By the next Sunday, his parish had set up a food distribution center. Monsignor Burke recalled it was a “beautiful Easter Sunday.”
The distribution center remained in place for decades.
He was later at St. Mary Star of the Sea in Federal Hill and St. Elizabeth’s Church in Patterson Park. He was also a chaplain at the University of Maryland professional schools.
In addition, he was the Baltimore Archdiocese’s director of the Catholic Campaign for Human Development, the anti-poverty and social justice arm of the U.S. Conference of Catholic Bishops, where he held the position for nearly five decades.
In 1980 he was named pastor of Saint Francis of Assisi Church in the Mayfield-Lake Montebello section of Northeast Baltimore. He retired in 2021.
Monsignor Richard J. Bozzelli, a friend, said Monsignor Burke’s devotion to charitable causes came from his personal style.
“He was totally without pretense,” said Monsignor Bozzelli, who served as a seminarian with him in the 1990s.
“He appreciated the ordinariness of people and the simplicity of their lives. The first thing he introduced seminarians to was the bucket and mop, and said ‘If you aren’t willing to do it yourself, you have no business asking anybody else to do it.’”
Years later, when a personnel officer for the archdiocese asked him if he would like to change assignments, Monsignor Burke replied, “Is there anything wrong with being happy?”
Members of his parish said he he was a strong leader and kept the St. Francis School open.
Monsignor Burke once preached, “You knew you weren’t ordained just to celebrate Mass each day and take Communion to sick people.

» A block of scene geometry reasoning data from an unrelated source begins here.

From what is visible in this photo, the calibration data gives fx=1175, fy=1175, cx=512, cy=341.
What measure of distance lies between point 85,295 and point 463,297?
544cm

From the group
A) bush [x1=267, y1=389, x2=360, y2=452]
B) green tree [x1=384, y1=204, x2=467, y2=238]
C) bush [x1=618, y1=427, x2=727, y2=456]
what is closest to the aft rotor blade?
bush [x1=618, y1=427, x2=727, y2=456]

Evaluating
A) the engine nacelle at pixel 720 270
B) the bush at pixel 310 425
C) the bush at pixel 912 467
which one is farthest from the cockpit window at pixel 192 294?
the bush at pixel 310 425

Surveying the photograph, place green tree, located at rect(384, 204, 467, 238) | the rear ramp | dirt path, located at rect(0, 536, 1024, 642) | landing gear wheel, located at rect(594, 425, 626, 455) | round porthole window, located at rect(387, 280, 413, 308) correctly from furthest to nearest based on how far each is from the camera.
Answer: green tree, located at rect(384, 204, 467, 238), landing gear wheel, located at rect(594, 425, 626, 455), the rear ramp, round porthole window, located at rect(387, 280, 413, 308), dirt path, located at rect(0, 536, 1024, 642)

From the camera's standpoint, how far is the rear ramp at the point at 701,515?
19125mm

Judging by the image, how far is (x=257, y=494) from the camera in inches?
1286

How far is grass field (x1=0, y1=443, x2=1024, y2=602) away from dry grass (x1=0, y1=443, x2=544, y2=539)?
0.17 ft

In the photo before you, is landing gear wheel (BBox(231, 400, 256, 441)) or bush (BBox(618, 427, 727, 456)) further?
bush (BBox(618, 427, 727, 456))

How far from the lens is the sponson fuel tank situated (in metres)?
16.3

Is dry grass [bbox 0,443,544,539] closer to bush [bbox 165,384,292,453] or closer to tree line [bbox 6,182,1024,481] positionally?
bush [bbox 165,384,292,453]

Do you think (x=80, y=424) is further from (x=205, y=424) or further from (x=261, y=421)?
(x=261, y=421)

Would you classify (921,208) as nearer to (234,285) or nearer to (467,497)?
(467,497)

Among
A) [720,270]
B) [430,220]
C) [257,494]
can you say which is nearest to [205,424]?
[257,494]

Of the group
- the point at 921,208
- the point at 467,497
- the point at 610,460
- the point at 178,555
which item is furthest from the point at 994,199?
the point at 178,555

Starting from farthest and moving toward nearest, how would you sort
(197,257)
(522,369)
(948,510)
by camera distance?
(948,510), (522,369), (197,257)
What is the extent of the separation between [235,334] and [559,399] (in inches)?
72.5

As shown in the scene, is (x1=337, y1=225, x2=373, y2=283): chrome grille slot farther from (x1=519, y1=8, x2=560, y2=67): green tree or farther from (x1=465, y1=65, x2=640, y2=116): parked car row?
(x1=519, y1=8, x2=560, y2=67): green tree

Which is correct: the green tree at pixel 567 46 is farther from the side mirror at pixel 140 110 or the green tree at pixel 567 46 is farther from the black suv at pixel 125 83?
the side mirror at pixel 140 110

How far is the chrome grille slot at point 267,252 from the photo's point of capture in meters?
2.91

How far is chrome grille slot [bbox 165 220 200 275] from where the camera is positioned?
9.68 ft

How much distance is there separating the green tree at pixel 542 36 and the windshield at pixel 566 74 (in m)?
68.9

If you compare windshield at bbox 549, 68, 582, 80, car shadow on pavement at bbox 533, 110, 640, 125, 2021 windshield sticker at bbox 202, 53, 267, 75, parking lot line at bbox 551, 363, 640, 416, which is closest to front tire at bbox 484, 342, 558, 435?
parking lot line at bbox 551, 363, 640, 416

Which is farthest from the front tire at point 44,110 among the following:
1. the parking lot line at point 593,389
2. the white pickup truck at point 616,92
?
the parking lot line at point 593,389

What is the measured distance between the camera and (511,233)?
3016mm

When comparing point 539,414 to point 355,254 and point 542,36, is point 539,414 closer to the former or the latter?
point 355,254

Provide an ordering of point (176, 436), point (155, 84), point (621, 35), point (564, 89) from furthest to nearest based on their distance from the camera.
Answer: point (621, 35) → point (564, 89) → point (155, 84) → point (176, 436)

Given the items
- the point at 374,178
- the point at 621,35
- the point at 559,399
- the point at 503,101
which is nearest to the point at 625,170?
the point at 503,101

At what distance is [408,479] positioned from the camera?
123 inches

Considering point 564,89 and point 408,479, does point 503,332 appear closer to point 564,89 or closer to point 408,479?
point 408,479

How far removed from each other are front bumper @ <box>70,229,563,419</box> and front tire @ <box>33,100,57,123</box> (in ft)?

You were there beyond that, to listen, to understand, to be patient, but also, I think to be effective in bringing about change.”
His friend, Father Bowen, recalled that Monsignor Burke liked simple pleasures.
“He’d suggest going to Corned Beef Row in East Baltimore for takeout sandwiches and then going to Federal Hill, where we’d sit on a bench,” said Father Bowen. “He loved the comings and goings of ordinary people and had a gift for seeing the presence of God in them.”
“Bill Burke loved a table full of people and having a good time, laughing and being sociable,” said Ellen Adajian, his former music director. “He did not make himself the center of attention but he did appreciate a parish gathering — a bull roast, crab feast or a spaghetti dinner.”
She also said he wore clothes until they were falling apart.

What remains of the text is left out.